— Exercise —
In the data below, find the line with "Foto 35 de Casa" and output it along with every later line, exactly, but not the pictures.

— Extracted entries —
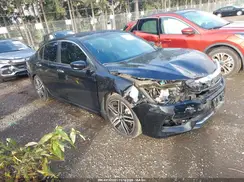 1HGCR2F17HA015939 2017 HONDA ACCORD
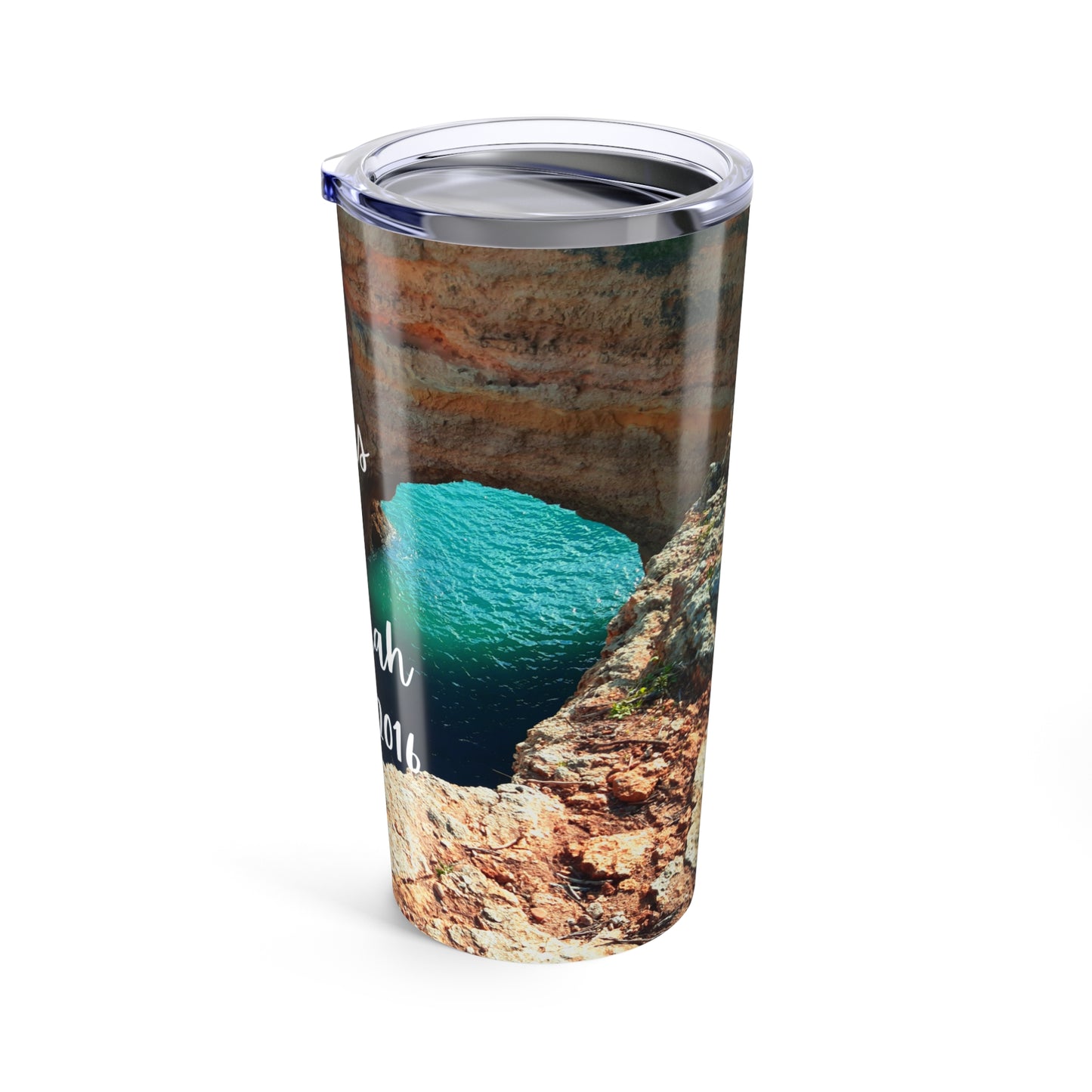 Tumbler 20oz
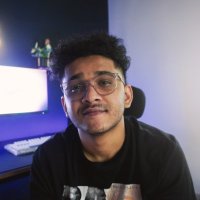 P.S.James | 3D Designer (@smooothslice) 's Twitter Profile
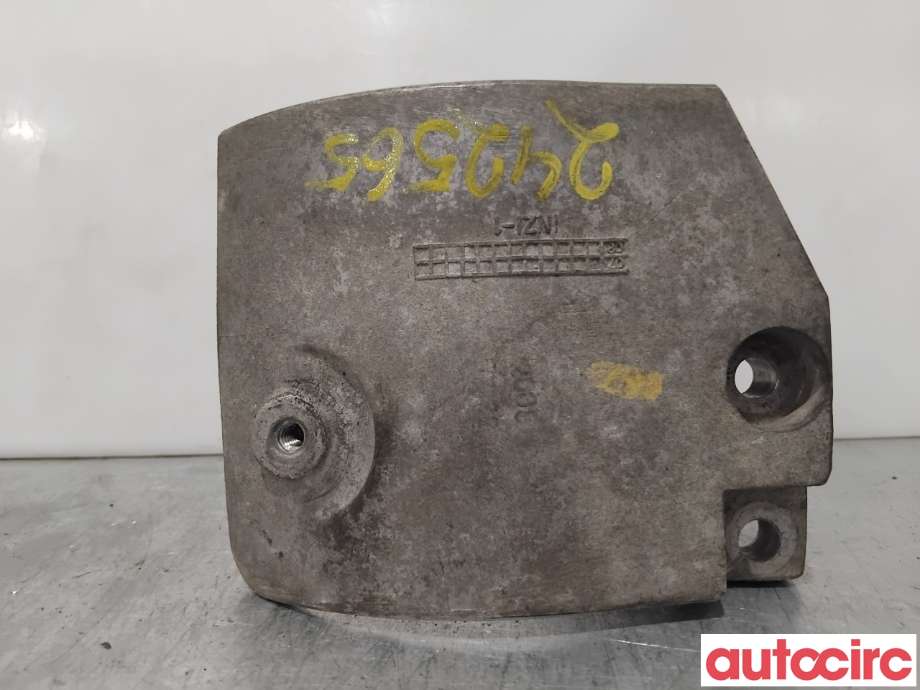 Diverse deler til Opel Antara, 2007-2013  (OPEL|96455899)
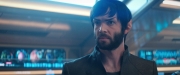 extant_StarTrekDiscovery_2x09-ProjectDaedalus_06070.jpg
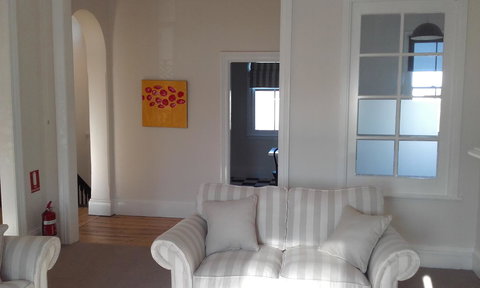 182 Anson Street - Holiday Sunshine Coast 0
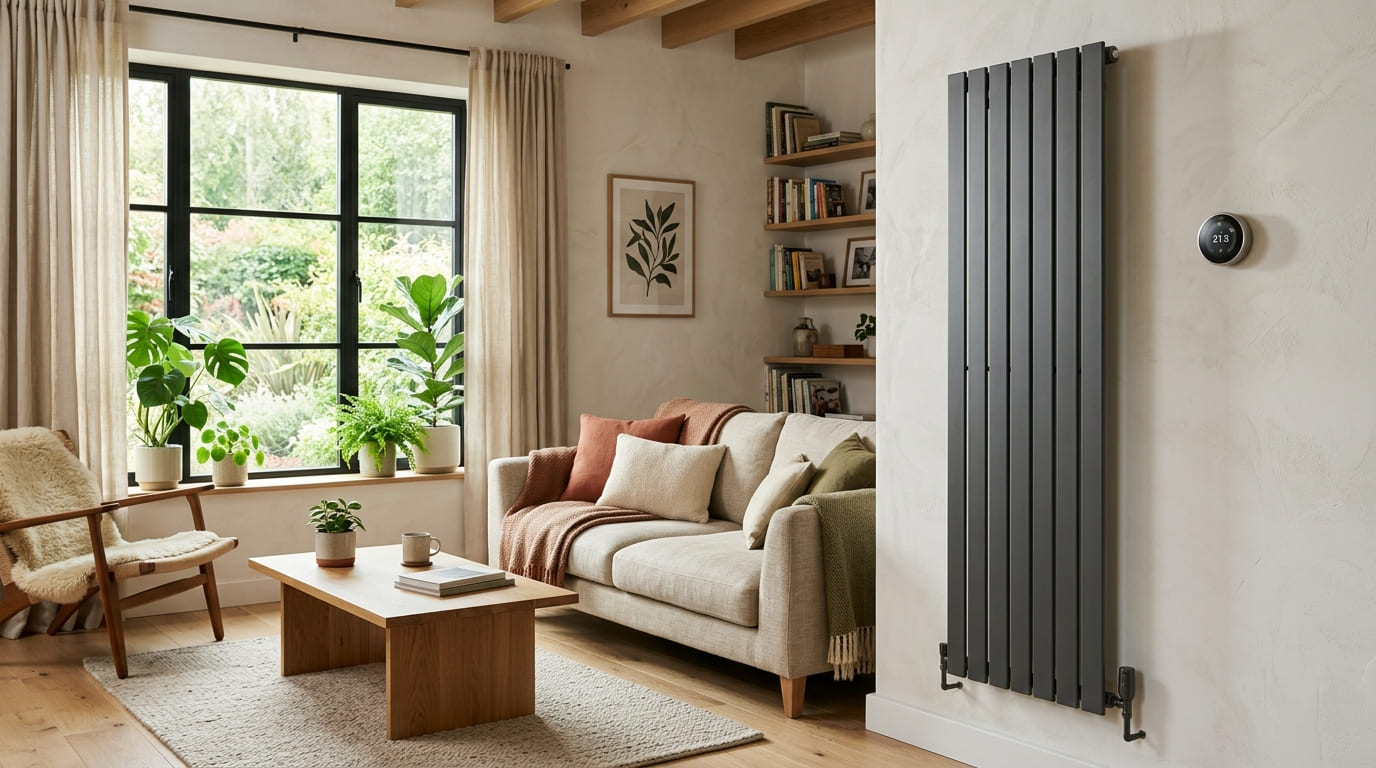 Modern_sustainable_home_interior…_20260915095915 (1).jpeg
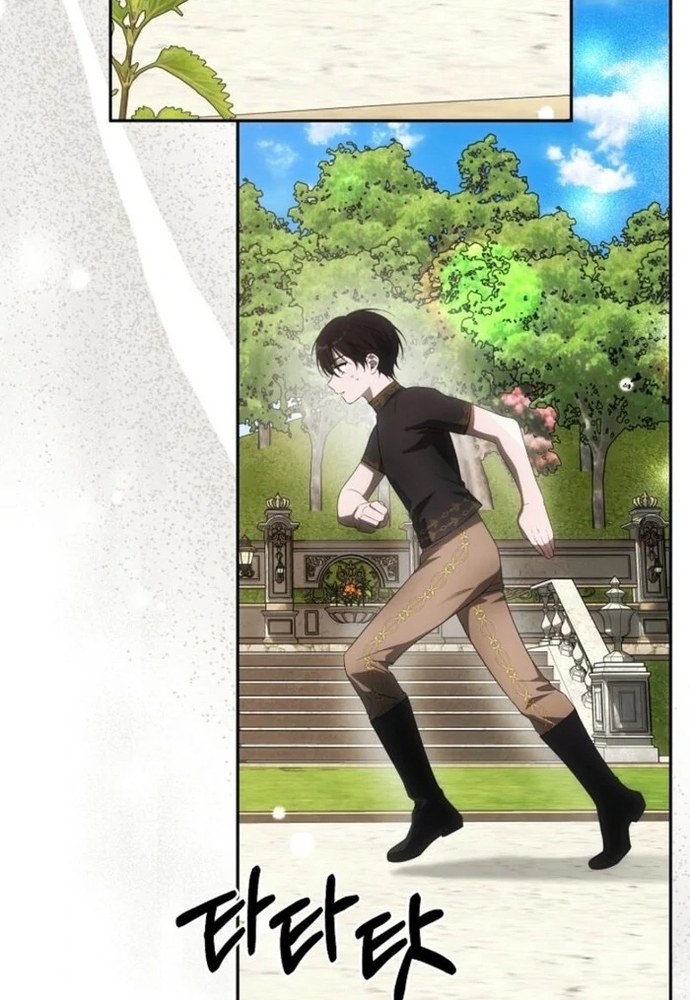 Làm Sao Để Thoát Khỏi Tiểu Thuyết Đa Phu Ngược Luyến Chap 3 - Next Chap 4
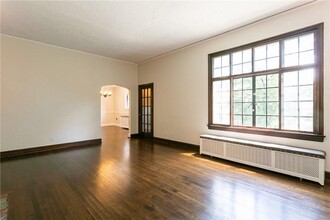1191 Post Rd in Scarsdale, NY - Building Photo - Building Photo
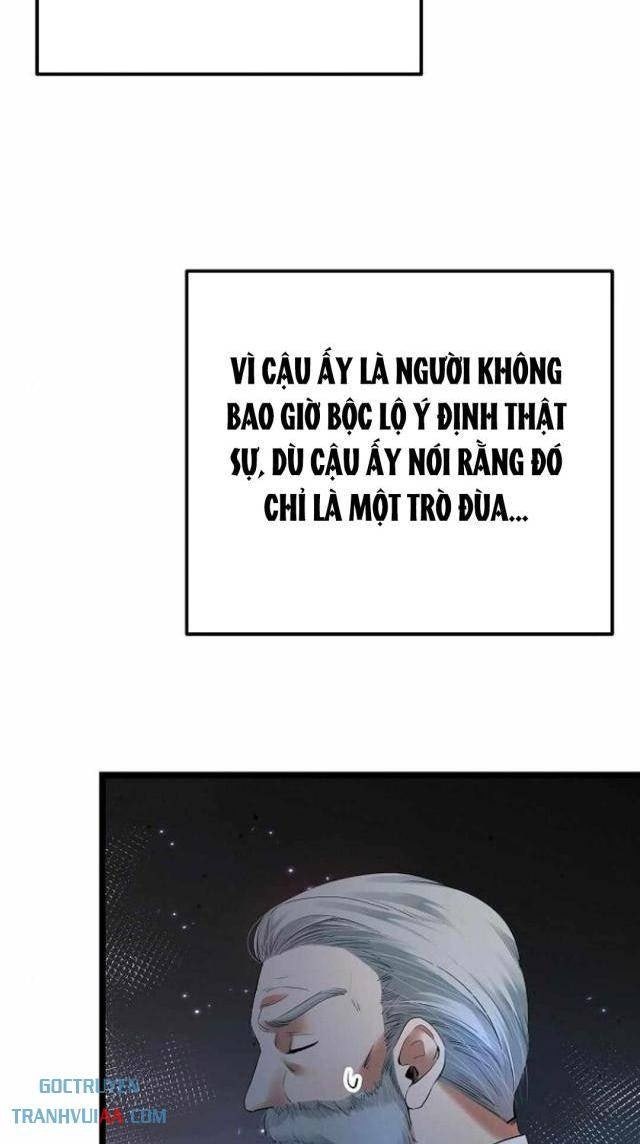 Vinh Quang Vô Tận - Page 60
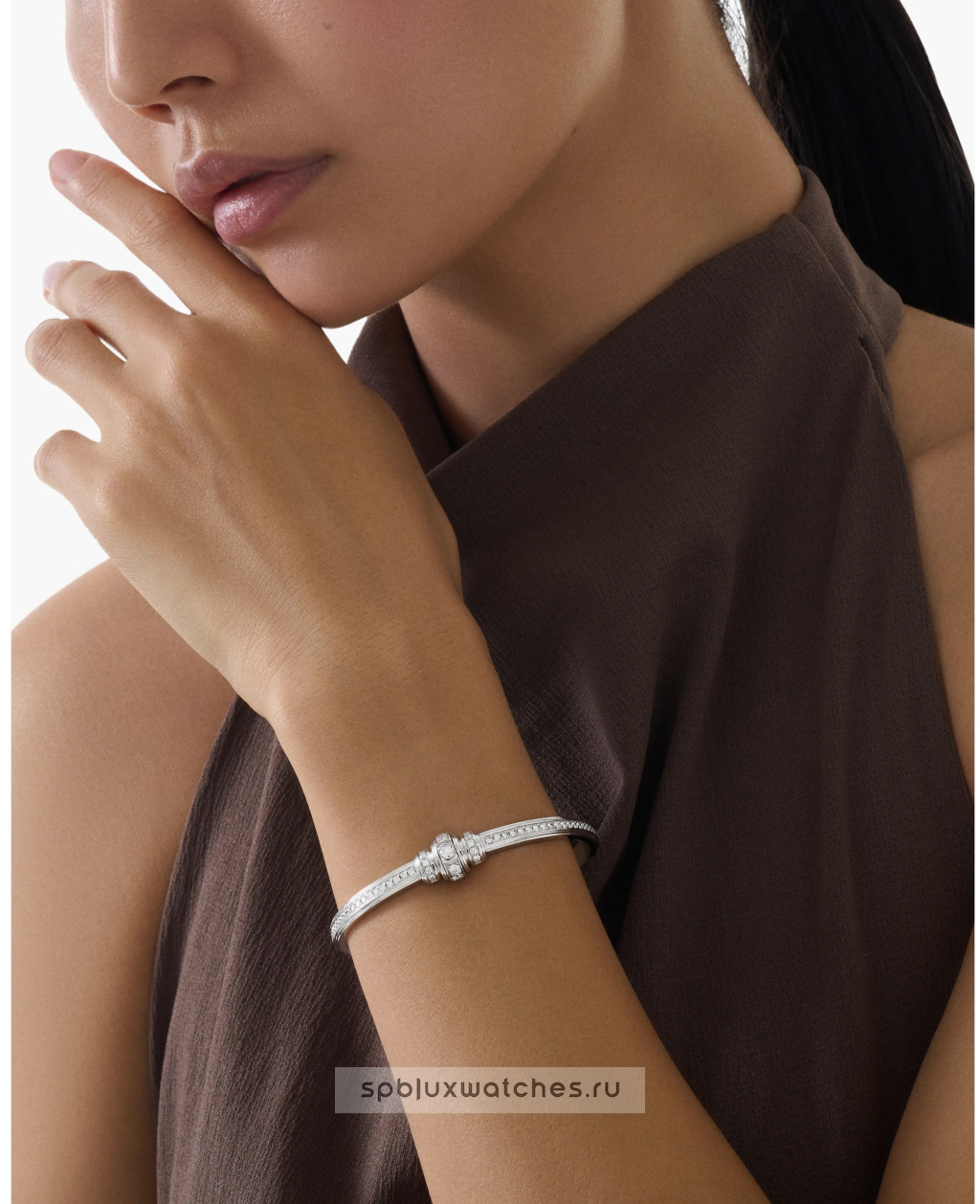 Браслет Piaget Possession Bracelet G36P5A00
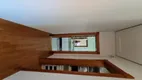 Foto 35 de Casa de Condomínio com 4 Quartos à venda, 1430m² em Residencial Zero , Santana de Parnaíba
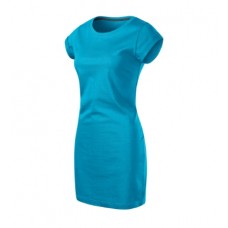 Dress women’s 178 Blue Atoll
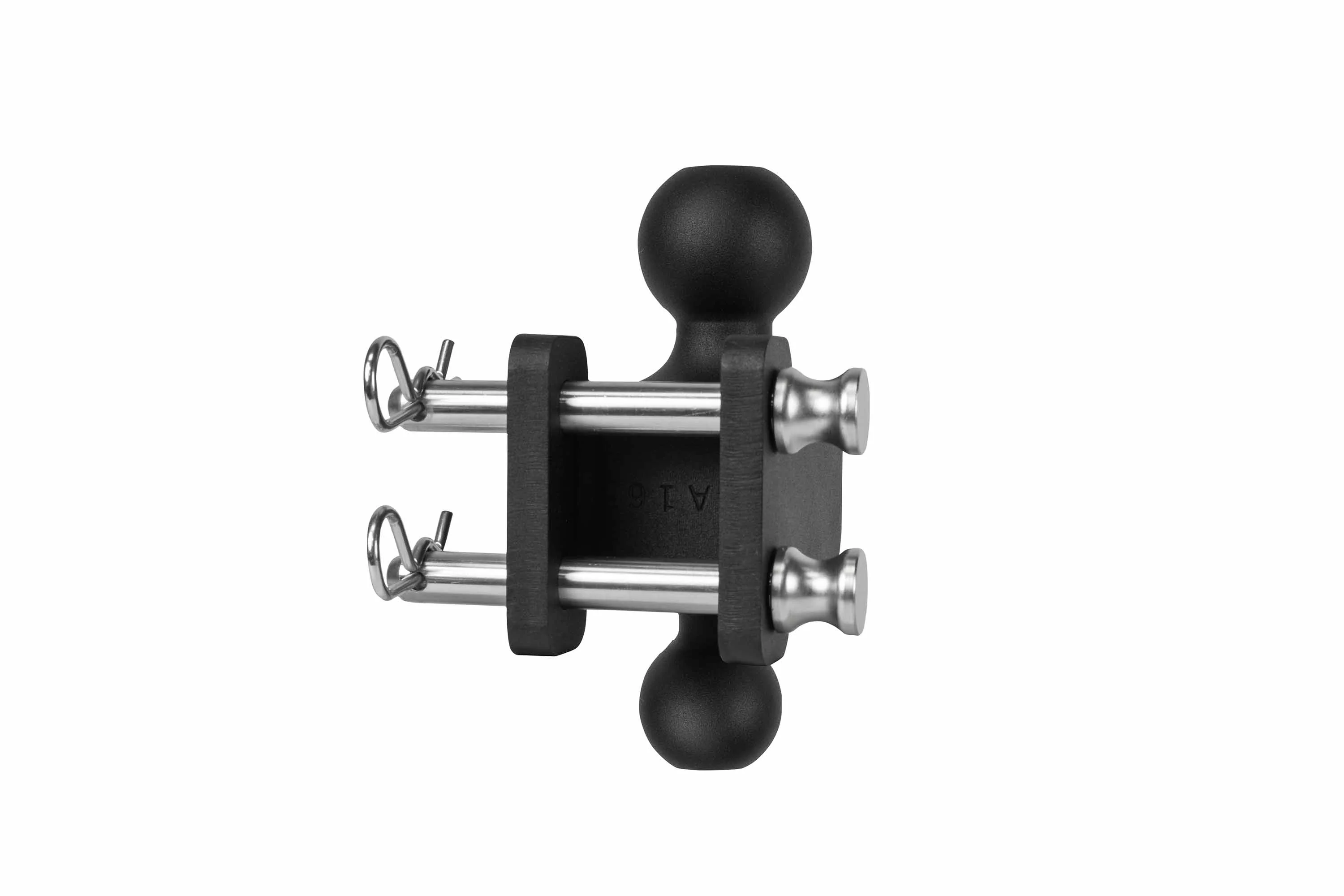 BulletProof Medium Duty 2" & 2 5/16" Dual Ball - Image 21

— Solution to the problem —
 Foto 35 de Casa de Condomínio com 4 Quartos à venda, 1430m² em Residencial Zero , Santana de Parnaíba
 Dress women’s 178 Blue Atoll
 BulletProof Medium Duty 2" & 2 5/16" Dual Ball - Image 21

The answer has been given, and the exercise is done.